Darryl Rosser, CEO of classroom furniture supplier Sagus International, called Principal Amanda Burnette the day after Obama read Bethea’s plea. After visiting the campus four weeks ago, Rosser said he knew he had to do what he could.

Over the weekend, Sagus sent nearly 2,000 pieces of furniture on four tractor-trailer loads. Volunteers worked throughout the weekend to put the surprise together, including a final coat of paint about 8 p.m. Sunday.

The furniture, plus setup and shipping by Sagus partners, was worth an estimated $250,000, Rosser said.

On Monday, Rosser said students’ reactions made it all worthwhile.

“It was heartwarming,” he said, smiling widely.

The cafeteria is newly painted in the school’s black and gold colors, with a three-dimensional Wildcats logo behind the stage.

Words of encouragement from leaders such as Thomas Jefferson and Martin Luther King Jr. adorn the walls. But the students chose as their favorite these words of President Obama: “Change will not come if we wait for some other person or some other time. We are the ones we’ve been waiting for. We are the change that we seek.”

At a school assembly attended by state schools chief Jim Rex, U.S. Rep. John Spratt, D-S.C., Rep. Jackie Hayes, D-Dillon, and Sen. Kent Williams, D-Marion, Rosser got a standing ovation.

Rex said Rosser, whose business is based in Chicago, demonstrated what South Carolinians should do more often, when it comes to public education. “I’m a little bit regretful that this is necessary, that we need this type of philanthropy,” he said. “For too long in South Carolina people have walked away. … We must instead learn to step up.”

At the assembly, examples of the old desks sat in a semi-circle, tagged with their age — circa 1940 to 1980.

They were “nasty,” said eighth-grader Johnarra Bethea. “All the other desks had writing on it and gum under them,” said the 13-year-old.

Her math teacher, Audrey Hunt, said the new desks have transformed her classroom, which formerly had mismatched desks, including a broken one students kept moving around, so they didn’t have to sit in it.

“It’s inviting,” she said. “It dresses the room up.”

Band teacher Kevin McLellan, a former J.V. Martin student, said he’s been asking for new seats for years. The new ergonomic chairs will improve students’ posture and sound, he said.

After three classes using the new furniture, eighth-grader Darby Hamer said her back felt better than usual, and the new desktops offered more room for books.

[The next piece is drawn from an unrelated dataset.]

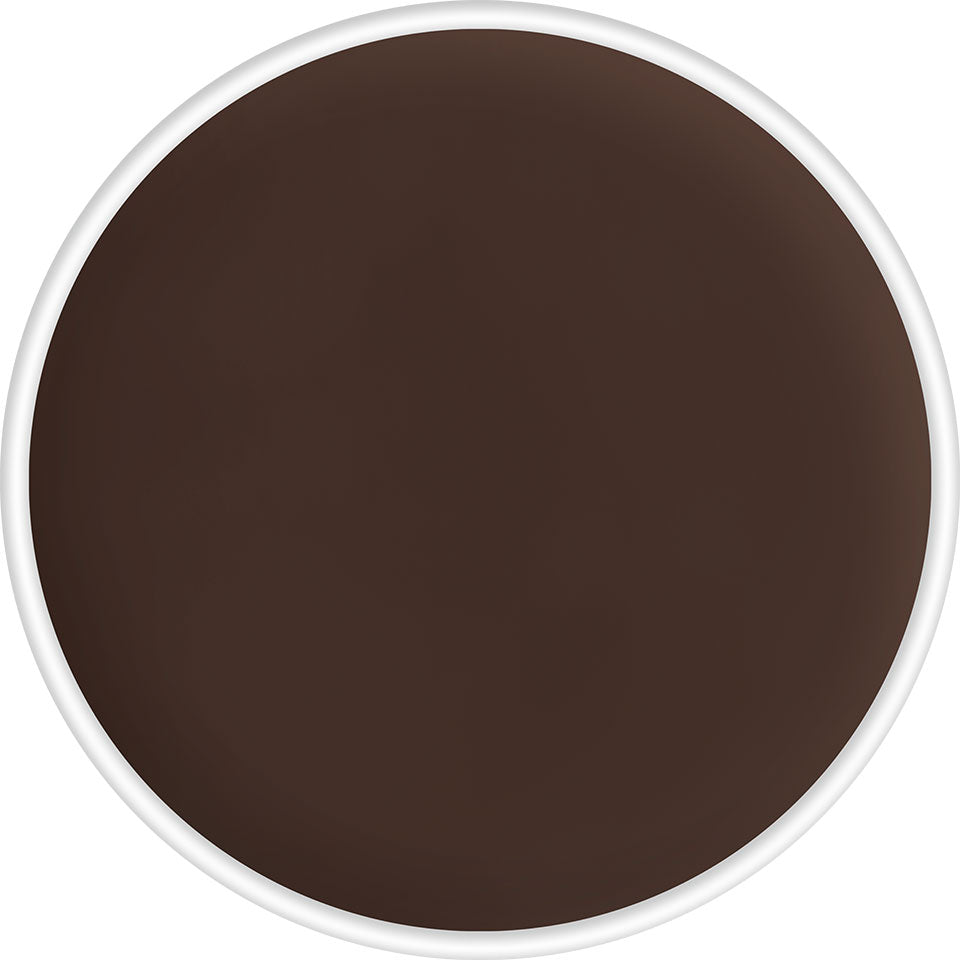 KRYOLAN Aquacolor Nachfüller 101 – Kompaktschminke für Gesicht & Körper, 4ml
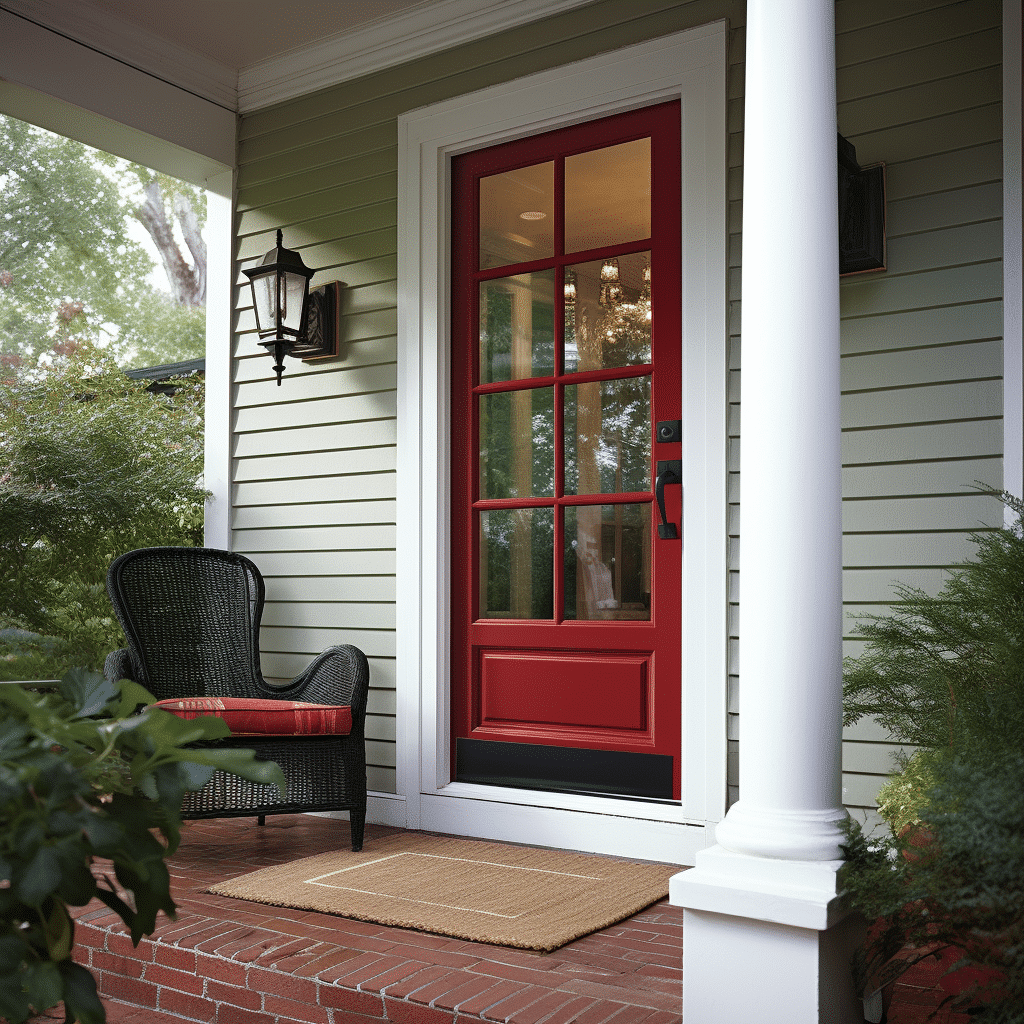Choosing Between Larson and Andersen Storm Doors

“And these don’t squeak,” said the 14-year-old.

The student who brought the attention to J.V. Martin said the correctly-sized furniture will help students focus.

“Even though our dream is not yet completed … We now have a better school. We now feel better about our school,” Ty’Sheoma Bethea said. “We are not quitters,” she added, mimicking the words in her letter, “and we are not through.”